Useful mdrun features¶
This section discusses features in gmx mdrun that don’t fit well elsewhere.
Re-running a simulation¶
The rerun feature allows you to take any trajectory file traj.trr
and compute quantities based upon the coordinates in that file using
the model physics supplied in the topol.tpr
file. It can be used
with command lines like mdrun -s topol -rerun traj.trr
. That tpr
could be different from the one that generated the trajectory. This
can be used to compute the energy or forces for exactly the
coordinates supplied as input, or to extract quantities based on
subsets of the molecular system (see gmx convert-tpr and
gmx trjconv). It is easier to do a correct “single-point” energy
evaluation with this feature than a 0-step simulation.
Neighbor searching is performed for every frame in the trajectory
independently of the value in nstlist
, since
gmx mdrun can no longer assume anything about how the
structures were generated. Naturally, no update or constraint
algorithms are ever used.
The rerun feature cannot, in general, compute many of the quantities reported during full simulations. It does only take positions as input (ignoring potentially present velocities), and does only report potential energies, volume and density, dH/dl terms, and restraint information. It does notably not report kinetic, total or conserved energy, temperature, virial or pressure.
Running a simulation in reproducible mode¶
It is generally difficult to run an efficient parallel MD simulation
that is based primarily on floating-point arithmetic and is fully
reproducible. By default, gmx mdrun will observe how things are going
and vary how the simulation is conducted in order to optimize
throughput. However, there is a “reproducible mode” available with
mdrun -reprod
that will systematically eliminate all sources of
variation within that run; repeated invocations on the same input and
hardware will be binary identical. However, running in this mode on
different hardware, or with a different compiler, etc. will not be
reproducible. This should normally only be used when investigating
possible problems.
Halting running simulations¶
When gmx mdrun receives a TERM or INT signal (e.g. when ctrl+C is pressed), it will stop at the next neighbor search step or at the second global communication step, whichever happens later.

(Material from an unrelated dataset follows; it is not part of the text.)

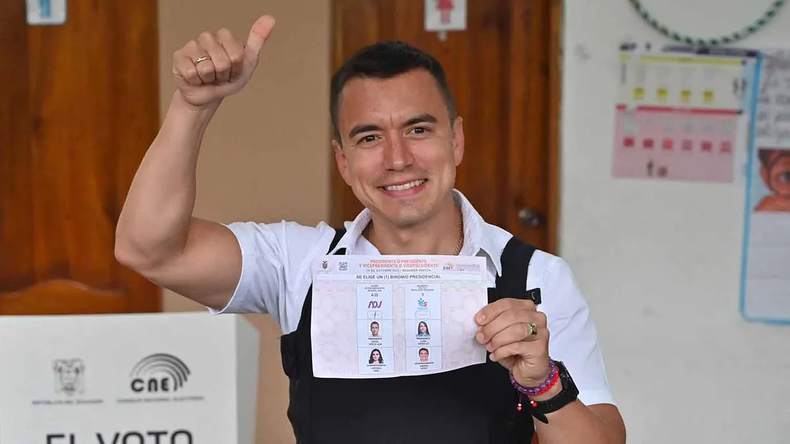 El Gobierno argentino saludó al electo presidente ecuatoriano, Daniel Noboa, quien se impuso en la segunda vuelta realizada en ese país.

When gmx mdrun receives a second TERM or INT signal and reproducibility is not requested, it will stop at the first global communication step. In both cases all the usual output will be written to file and a checkpoint file is written at the last step. When gmx mdrun receives an ABRT signal or the third TERM or INT signal, it will abort directly without writing a new checkpoint file. When running with MPI, a signal to one of the gmx mdrun ranks is sufficient, this signal should not be sent to mpirun or the gmx mdrun process that is the parent of the others.
Running multi-simulations¶
There are numerous situations where running a related set of simulations within the same invocation of mdrun are necessary or useful. Running a replica-exchange simulation requires it, as do simulations using ensemble-based distance or orientation restraints. Running a related series of lambda points for a free-energy computation is also convenient to do this way, but beware of the potential side-effects related to resource utilization and load balance discussed later.
This feature requires
configuring GROMACS with an external MPI library
so that the set of
simulations can communicate. The n
simulations within the set can
use internal MPI parallelism also, so that mpirun -np x gmx_mpi mdrun
for x
a multiple of n
will use x/n
ranks per simulation.
To launch a multi-simulation, the -multidir
option is used.
For the input and output files of a multi-simulation a set of n
subdirectories is required,
one for each simulation.
Place all the relevant input files in those directories (e.g. named
topol.tpr
), and launch a multi-simualtion with
mpirun -np x gmx_mpi mdrun -s topol -multidir <names-of-directories>
.
If the order of the simulations
within the multi-simulation is significant, you are responsible
for ordering their names when you provide them to -multidir
. Be
careful with shells that do filename globbing dictionary-style, e.g.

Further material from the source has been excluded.